Simulations and Disneyland Stimulations

Simulations have never seemed so complicated. I feel that this essay entitled “Simulacra and Simulations” needs a precursor. I need a basic understanding to understand. I liked thinking about the idea that a simulation is a miniature of the whole. What I would like to know is how this concept applies to media literacy.  A little relevancy to the subject would be nice.
I enjoyed the examples given by the author referring to someone feigning an illness and someone actually simulating an illness. I didn’t know that someone could actually reproduce symptoms of an illness without actually being ill. That concept reminds me of placeboes. A simulation occurs when the power of suggestion alleviates pain.

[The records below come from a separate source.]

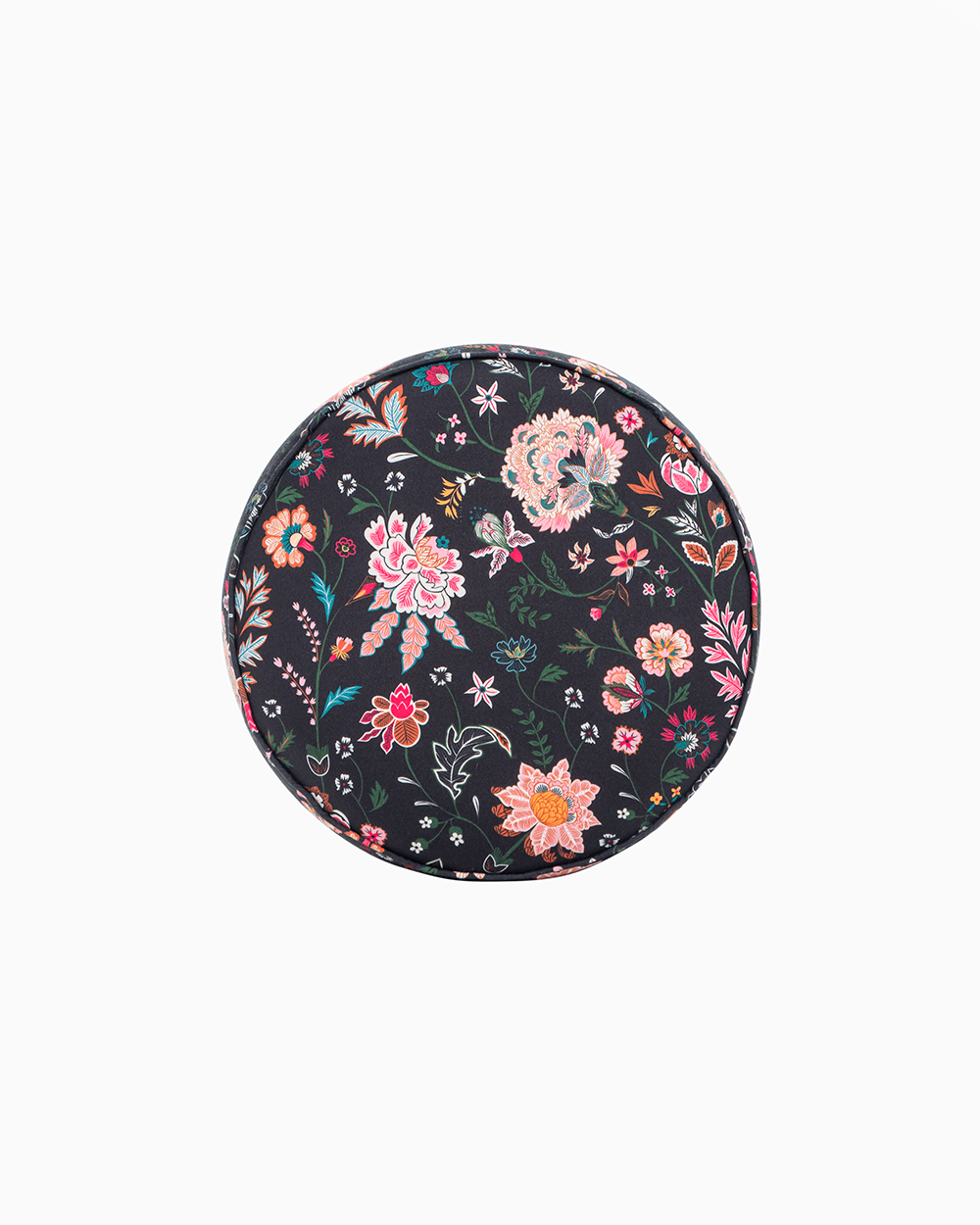 The French Pouffe - Printed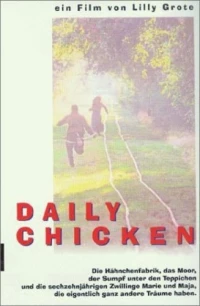 Постер фильма: Daily Chicken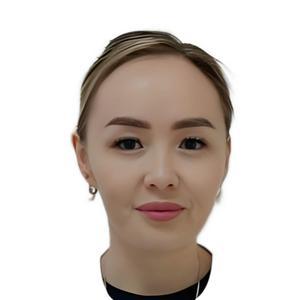 Унгарова Махаббат Сержанқызы, аллерголог, гастроэнтеролог, иммунолог, нутрициолог, терапевт - Актобе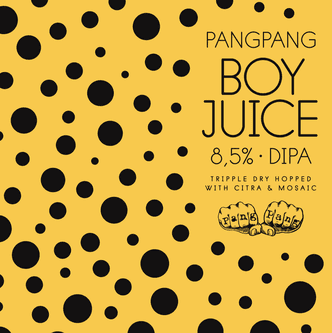 Boi Juice / Boy Juice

I’m not entirely sure how this connects to this article but I guess there is a similarity in the way that actual medicine in simulated. But is a placebo a miniature or condensed piece of the real thing? Maybe a placebo is not a simulation but rather a representation.

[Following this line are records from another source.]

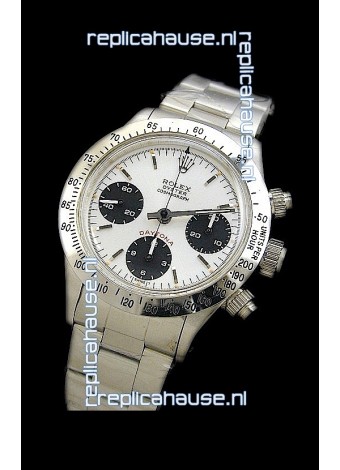 Rolex Oyster Cosmograph Swiss Replica Watch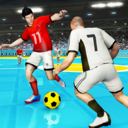 室内足球联赛2021最新版手机游戏下载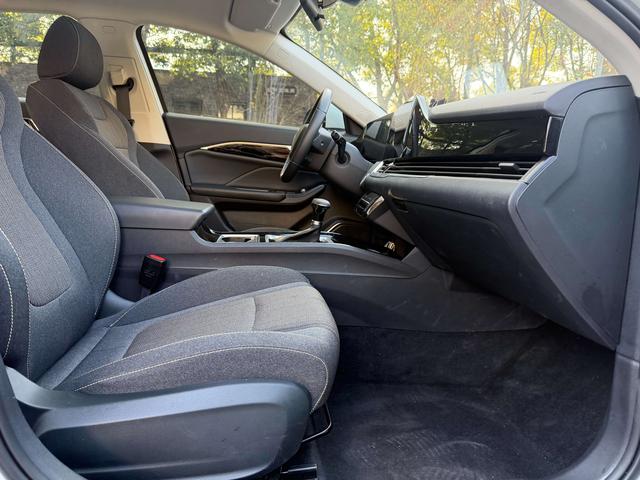 Bestune B70 2023 Third Gen 1.5T Automatic Smooth Enjoy – фото 16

Representations seem to have reliability on truth. How does God transcend the simulacra? What is God simulated after? Has anyone actually seen God? This whole system seems to push theology out of the door for me. For something to be real the sign has to have an actual entity. It seems that the only thing that is real with organized religion is the actual organization that preaches. It doesn’t seem that there is a reflection of reality in the Old Testament.

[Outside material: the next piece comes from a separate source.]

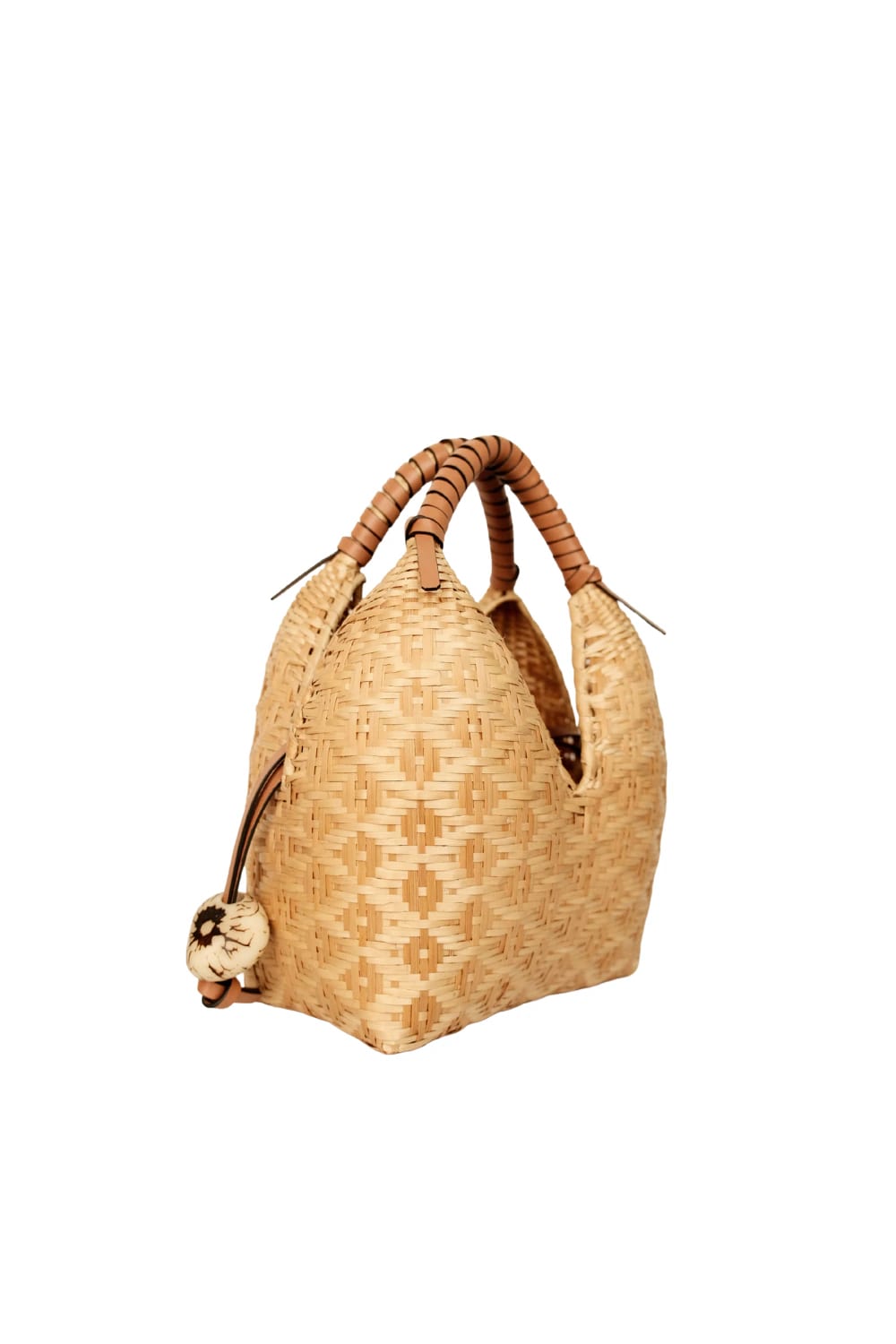BASKET TETTA — NAPA MIELE - imagen 2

Disneyland is only a perfect model of entangled simulation if you have actually been there. I never went to Disneyland. I have a younger sister who got to go. I admit I was a little jealous. My parents were young, poor artists when I was little but now they are successful and my sister reaps the benefits. Freud would probably have a lot to say about this. I don’t understand what the author is trying to convey with this example. People do go inside Disneyland to escape a world that is real and enter a fairy tale land. I think though that this transformation occurs more often in children than in the adults. With that being said, the automobile is not that prevalent to the children who don’t drive. There is just in and out. I don’t get what he is suggesting. I don’t think that the automobile would represent a gadget to a younger child. I do understand the contrast between the parking lot and the inside of Disneyland but do parking lots inflict pain? Is the parking lot outside of every Disneyland lacking an exit inducing captivity like a concentration camp? I wouldn’t know because I’ve never been in one but my parents and little sister went and they got out just fine. Maybe the Disneyland in Florida does not have a parking lot similar to a concentration camp. Wait a minute. Did they go to Disneyland or Disneyworld? Maybe they just went to Disneyworld and the parking lots in front of those are safe. Regardless, I don’t see Disneyland or Disneyworld as such a great entity to compare the parking lot outside to a concentration camp. I do however understand the simulation of reality or imaginary reality rather and its relation to semiotics.